The hottest technology company in the Boston area sits in a low-slung 100-year-old converted factory in the West Cambridge Industrial Park, not far from the Concord Avenue rotary. Inside its modest lobby hangs a 2-by-4-foot display. Messages scroll across it: “Welcome to E-Ink … the time is now 2:58 p.m. ’’ It’s 30 minutes slow.
The sign doesn’t use light-emitting diodes, the standard for scrolling displays. Instead, it was one of the early commercial applications of E-Ink’s electrophoretic technology. Electrophoretics uses electricity to move particles in fluid. In this case, the particles are black and white, positively or negatively charged, and E-Ink’s software manipulates them with electric current to create messages that appear to scroll across a sign or to mimic the look of words on paper. Back in the early part of this decade, when E-Ink was a struggling start-up, the lobby sign showed it had a working product. Today, it reminds us that sometimes you have to fail in order to succeed.
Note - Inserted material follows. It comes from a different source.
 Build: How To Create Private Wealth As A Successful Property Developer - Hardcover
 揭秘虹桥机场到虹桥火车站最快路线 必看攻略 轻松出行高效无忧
Signs nearly put E-Ink out of business. Its first product was a sign, much smaller than the one in its lobby, for pricing goods in retail stores. Retailers could automatically update prices on these signs from a central location via the pager network, saving money and improving accuracy. Only it turned out that lots of stores lay outside of pager range. Ones that were in pager range tended to have steel roofs, foiling the updates. By 2001, E-Ink was nearly out of cash, and in the wake of the dot-com crash, it was difficult to get more. So, according to cofounder and current CEO Russ Wilcox, E-Ink decided to dump all of its projects save one: making the electronic ink and related software for a digital book reader Sony was planning.